What is an Urban Forest?

Part of Washington, DC's urban forest as viewed from the National Cathedral
Nature doesn't stop at the boundaries of a city.  A web of living things weaves in and out of every human environment we have created; through city blocks, along railroad tracks, within farm fields and backyards, crisscrossing the boundaries of private and public property. Trees are the largest organisms living within the urban environment and create the biostructure below which all other layers of the urban forest fall. Some trees are planted intentionally while 'volunteers' spring up along fencelines, in abandoned lots and other places where seed get deposited by birds,animals, wind and water.

To understand why the urban forest is important, it's critical to understand the concept of Ecosystem Services.  Ecosystem services are benefits that humans receive from the surrounding environment. These benefits can be categorized into four types of services: supporting (such as formation of soil), regulating (filtering of water and air), provisioning (food or timber), and cultural (such as recreation). Trees are powerhouses of ecosystem services, improving our quality of life every day through functional processes.

Trees pull carbon from the air and produce oxygen, improving local air quality and reducing carbon in the global atmosphere.

Trees reduce the impact of rainfall in a community by actively absorbing water and by slowing runoff as it clings to the surface area of each leaf, stem, branch and trunk.
Rainwater clings to the leaves, branches, stems and bark of trees, slowing demand on infrastructure.

Trees improve the quality of our drinking water by filtering pollutants and material, reducing the need for pre-treatment of municipal supplies.

Trees reduce heating and cooling costs by shading homes in summer and blocking wind in winter.

Trees reduce heat island effect, a phenomenon which can raise local temperatures when the summer sun heats concrete and asphalt.

Trees increase property values: the American dream is lined with leafy, sun-dappled neighborhoods.

Tree plantings are an integral part of the streetscape in downtown Shirlington, Virginia
A grove of established trees in a neighborhood park in Rock Island, Illinois

Trees reduce crime by introducing a neighborhood watch effect: people spend more time outside, so there is more visibility and sense of ownership of one's community.

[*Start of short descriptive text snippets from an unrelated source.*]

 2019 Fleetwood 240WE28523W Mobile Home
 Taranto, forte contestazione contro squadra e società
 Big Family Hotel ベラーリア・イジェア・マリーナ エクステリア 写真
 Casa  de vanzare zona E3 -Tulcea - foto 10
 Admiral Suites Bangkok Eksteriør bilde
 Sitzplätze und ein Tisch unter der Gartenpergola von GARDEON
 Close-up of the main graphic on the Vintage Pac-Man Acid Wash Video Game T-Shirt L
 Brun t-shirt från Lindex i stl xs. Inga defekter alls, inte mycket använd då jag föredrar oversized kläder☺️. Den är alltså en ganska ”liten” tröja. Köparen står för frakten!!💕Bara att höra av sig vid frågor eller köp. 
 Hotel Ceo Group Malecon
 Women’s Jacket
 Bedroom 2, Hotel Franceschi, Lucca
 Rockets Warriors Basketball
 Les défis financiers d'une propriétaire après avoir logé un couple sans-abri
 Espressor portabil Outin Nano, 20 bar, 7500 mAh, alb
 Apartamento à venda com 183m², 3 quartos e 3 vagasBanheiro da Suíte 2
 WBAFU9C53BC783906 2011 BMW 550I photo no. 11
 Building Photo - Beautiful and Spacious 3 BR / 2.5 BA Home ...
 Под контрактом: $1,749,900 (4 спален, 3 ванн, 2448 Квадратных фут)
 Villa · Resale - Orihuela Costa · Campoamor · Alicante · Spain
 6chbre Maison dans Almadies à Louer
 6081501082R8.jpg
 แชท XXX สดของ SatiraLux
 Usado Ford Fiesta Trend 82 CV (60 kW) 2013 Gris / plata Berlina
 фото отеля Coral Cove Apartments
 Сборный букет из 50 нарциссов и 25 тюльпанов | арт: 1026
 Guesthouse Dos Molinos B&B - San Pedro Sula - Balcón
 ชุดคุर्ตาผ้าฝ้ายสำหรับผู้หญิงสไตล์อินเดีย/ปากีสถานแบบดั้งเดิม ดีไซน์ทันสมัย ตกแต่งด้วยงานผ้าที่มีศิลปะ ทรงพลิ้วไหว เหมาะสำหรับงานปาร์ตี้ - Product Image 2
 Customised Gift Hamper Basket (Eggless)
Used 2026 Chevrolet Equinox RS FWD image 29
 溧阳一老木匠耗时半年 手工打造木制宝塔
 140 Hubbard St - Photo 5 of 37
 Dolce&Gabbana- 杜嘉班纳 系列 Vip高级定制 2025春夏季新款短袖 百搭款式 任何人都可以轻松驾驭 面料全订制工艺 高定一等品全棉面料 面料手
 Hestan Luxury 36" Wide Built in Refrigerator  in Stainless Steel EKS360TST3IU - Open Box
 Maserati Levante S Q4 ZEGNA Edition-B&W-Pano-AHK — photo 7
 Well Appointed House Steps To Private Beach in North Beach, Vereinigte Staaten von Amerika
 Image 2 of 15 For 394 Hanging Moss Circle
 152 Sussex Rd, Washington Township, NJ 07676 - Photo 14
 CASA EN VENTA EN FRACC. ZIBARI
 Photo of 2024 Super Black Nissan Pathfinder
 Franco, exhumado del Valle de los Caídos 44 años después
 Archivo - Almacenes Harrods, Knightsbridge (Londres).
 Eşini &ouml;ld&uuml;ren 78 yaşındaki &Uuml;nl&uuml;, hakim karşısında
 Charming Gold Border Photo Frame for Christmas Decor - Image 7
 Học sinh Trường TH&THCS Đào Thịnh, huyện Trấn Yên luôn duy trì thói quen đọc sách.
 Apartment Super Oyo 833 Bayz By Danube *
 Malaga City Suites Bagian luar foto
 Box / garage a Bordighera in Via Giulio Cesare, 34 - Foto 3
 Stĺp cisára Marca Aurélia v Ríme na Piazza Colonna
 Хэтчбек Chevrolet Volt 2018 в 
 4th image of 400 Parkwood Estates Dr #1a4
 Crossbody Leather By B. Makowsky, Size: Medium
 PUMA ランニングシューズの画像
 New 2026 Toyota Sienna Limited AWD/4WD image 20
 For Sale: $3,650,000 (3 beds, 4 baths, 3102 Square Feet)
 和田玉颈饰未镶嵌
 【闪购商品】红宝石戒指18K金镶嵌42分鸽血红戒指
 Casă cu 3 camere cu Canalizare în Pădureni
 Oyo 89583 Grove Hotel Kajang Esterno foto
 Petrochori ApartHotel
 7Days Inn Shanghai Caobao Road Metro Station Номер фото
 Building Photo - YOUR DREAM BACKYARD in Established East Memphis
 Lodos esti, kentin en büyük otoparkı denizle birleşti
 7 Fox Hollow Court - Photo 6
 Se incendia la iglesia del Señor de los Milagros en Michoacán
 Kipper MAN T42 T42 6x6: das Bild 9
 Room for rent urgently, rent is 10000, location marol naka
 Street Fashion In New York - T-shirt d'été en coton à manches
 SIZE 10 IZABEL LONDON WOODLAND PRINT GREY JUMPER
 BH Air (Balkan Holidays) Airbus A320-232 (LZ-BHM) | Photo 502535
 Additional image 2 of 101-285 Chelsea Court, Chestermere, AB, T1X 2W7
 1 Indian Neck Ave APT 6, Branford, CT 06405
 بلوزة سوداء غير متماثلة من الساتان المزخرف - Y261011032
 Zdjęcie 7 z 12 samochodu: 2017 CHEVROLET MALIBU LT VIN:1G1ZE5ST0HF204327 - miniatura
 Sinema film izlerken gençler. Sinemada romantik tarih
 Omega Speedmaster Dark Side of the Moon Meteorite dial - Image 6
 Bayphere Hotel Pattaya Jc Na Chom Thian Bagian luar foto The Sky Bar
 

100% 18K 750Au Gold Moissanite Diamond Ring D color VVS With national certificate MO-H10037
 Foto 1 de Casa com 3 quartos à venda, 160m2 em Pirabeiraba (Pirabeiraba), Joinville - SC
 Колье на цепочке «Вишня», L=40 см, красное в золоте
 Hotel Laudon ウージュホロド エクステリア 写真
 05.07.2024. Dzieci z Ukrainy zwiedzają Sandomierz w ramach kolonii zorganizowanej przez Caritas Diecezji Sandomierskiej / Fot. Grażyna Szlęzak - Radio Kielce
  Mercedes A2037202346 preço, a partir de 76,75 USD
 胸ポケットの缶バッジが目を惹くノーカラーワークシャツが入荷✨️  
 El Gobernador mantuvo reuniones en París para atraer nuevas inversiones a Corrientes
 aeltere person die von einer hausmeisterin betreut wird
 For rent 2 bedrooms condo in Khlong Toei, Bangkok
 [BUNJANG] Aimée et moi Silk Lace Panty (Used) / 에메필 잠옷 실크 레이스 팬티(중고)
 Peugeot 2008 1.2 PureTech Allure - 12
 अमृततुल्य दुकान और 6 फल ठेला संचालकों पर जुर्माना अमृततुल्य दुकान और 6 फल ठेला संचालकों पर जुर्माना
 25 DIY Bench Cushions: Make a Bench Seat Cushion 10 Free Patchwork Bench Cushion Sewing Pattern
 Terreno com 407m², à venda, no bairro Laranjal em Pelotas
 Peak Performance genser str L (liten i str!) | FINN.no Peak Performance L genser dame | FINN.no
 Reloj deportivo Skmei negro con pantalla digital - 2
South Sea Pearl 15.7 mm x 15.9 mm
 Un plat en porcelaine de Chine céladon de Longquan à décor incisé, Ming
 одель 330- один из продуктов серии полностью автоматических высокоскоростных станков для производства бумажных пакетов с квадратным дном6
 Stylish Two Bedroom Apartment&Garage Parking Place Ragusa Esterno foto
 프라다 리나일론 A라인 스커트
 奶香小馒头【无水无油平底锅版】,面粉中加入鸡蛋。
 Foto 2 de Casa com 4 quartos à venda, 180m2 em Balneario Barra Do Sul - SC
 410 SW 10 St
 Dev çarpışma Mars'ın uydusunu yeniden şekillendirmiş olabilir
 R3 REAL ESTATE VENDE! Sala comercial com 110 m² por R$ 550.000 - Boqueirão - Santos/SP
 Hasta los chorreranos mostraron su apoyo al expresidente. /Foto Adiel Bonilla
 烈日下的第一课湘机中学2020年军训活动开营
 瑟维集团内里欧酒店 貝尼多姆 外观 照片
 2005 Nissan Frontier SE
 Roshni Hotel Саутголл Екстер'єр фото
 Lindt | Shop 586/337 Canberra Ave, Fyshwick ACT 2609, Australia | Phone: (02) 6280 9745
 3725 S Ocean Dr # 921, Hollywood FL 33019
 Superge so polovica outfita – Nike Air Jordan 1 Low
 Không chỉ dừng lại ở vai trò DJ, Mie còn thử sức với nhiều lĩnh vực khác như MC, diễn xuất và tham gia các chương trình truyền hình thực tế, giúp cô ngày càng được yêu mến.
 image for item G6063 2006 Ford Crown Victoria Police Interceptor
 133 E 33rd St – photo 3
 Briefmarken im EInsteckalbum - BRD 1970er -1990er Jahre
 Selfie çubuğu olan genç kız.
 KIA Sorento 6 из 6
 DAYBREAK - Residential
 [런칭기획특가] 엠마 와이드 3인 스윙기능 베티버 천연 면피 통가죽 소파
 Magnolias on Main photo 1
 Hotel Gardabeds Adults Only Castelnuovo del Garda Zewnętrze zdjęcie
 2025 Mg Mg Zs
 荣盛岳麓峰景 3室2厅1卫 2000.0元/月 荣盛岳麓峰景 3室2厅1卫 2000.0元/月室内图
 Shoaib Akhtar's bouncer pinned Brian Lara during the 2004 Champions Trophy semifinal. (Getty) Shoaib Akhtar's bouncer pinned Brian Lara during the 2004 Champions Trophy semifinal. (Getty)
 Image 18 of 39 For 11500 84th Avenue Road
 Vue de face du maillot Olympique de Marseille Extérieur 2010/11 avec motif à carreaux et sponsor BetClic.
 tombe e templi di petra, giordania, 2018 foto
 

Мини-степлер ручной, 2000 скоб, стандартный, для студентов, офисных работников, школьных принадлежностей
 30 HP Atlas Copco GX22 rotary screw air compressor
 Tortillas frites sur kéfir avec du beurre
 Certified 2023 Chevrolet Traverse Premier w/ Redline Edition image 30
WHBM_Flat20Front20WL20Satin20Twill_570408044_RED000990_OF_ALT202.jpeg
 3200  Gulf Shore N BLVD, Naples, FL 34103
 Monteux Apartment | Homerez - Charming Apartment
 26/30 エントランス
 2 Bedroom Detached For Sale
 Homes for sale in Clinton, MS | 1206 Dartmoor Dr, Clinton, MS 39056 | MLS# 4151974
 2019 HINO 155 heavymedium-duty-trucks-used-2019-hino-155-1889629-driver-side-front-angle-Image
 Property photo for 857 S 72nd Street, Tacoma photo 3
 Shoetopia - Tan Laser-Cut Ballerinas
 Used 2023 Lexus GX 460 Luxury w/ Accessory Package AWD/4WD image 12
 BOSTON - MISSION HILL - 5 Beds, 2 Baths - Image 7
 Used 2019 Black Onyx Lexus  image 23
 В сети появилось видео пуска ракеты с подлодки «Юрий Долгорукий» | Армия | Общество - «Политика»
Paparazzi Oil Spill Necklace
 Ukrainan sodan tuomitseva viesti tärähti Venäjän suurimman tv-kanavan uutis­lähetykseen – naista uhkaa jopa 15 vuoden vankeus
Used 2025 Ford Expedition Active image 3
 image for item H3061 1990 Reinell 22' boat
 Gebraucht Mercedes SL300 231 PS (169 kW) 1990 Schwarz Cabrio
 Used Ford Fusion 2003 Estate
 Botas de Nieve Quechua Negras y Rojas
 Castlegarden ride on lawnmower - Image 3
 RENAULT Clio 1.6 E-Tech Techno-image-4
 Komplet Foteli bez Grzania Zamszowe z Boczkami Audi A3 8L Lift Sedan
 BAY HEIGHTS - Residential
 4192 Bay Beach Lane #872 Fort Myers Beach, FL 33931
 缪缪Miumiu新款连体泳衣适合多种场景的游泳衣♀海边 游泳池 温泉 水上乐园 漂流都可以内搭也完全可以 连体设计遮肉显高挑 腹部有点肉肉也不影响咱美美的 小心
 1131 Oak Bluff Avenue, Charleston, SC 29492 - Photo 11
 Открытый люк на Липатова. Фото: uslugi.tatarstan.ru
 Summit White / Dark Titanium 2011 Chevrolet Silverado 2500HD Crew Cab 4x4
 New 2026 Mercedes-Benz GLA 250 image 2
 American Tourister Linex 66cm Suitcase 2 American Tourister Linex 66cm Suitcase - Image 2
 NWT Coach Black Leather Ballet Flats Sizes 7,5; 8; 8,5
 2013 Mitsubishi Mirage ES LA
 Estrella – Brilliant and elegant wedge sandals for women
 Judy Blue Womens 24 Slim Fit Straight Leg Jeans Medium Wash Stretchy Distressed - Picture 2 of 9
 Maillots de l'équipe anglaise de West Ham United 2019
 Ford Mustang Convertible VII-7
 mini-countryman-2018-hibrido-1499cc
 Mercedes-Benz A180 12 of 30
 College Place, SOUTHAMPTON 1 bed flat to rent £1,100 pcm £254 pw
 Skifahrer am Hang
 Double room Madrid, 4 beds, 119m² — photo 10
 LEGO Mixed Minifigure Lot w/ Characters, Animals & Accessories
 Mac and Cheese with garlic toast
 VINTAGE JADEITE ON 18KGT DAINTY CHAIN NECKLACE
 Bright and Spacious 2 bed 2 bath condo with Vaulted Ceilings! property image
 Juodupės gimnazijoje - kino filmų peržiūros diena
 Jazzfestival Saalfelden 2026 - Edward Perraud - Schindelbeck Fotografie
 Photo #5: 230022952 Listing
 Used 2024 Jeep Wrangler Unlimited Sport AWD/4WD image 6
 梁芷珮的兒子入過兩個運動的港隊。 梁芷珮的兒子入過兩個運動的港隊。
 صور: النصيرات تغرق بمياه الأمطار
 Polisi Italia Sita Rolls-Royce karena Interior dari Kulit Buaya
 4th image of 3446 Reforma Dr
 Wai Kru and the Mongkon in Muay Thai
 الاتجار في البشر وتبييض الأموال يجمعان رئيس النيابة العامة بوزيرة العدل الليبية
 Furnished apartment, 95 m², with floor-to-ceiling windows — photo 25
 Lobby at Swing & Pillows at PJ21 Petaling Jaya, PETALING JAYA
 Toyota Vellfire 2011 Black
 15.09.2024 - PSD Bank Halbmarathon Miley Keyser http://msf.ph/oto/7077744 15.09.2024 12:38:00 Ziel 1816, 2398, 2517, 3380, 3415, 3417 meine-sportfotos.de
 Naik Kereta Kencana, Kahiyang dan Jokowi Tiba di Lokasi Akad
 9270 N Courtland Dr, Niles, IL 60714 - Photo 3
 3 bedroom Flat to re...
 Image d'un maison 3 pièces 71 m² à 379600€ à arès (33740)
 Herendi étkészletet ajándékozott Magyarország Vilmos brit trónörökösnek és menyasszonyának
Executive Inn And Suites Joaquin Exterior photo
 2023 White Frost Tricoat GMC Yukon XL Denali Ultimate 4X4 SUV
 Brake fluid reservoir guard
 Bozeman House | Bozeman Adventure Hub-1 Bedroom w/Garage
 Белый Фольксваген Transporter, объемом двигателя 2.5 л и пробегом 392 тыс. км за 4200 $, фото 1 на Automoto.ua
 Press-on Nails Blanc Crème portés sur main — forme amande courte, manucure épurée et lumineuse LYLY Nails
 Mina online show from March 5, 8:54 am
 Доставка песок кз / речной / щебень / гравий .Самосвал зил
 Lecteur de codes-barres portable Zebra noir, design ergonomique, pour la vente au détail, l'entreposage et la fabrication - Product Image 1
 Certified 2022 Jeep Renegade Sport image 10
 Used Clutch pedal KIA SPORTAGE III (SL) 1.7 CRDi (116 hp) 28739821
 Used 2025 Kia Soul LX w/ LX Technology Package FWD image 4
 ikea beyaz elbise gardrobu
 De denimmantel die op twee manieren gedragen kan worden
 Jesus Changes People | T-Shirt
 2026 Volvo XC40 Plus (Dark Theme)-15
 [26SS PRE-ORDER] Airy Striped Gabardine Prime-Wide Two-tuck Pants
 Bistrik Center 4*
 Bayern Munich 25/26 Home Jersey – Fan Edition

Trees promote biodiversity: birds, mammals, insects, fungi and microbes form a distinct web that increases quality of life for humans, from harvesting aspirin from willow bark to housing birds and bats that eat mosquitoes.

Trees provide food security by offering habitat to pollinators of crops.

Trees feed us: the harvesting of edible fruits, nuts and berries for consumption is called permaculture.

'Trees are the answer' is a phrase borrowed from a professor to indicate the myriad ways that our communities benefit from a healthy urban forest. Trees are the single biggest investment cities can make in themselves.  But it has to be a real commitment to investment, willing to provide the space and resources trees need to thrive and produce reliable benefits we can enjoy.

The urban forest grows powerful through economies of scale.  Yes, a tree in front of a home can create a shady spot, hold some rainwater that clings to its surfaces, uptake some water and remove some carbon from the air. But the impact is massive when one thousand, ten thousand trees or more grow together.  If you look down from above onto a city that is 20% covered by tree canopy, that is 1/5 of the city that is reducing demand on infrastructure while enriching the lives of its residents at the same time. A strong canopy is money in the bank for a city and the taxpayers who fund it in terms of utility management, property values and human health.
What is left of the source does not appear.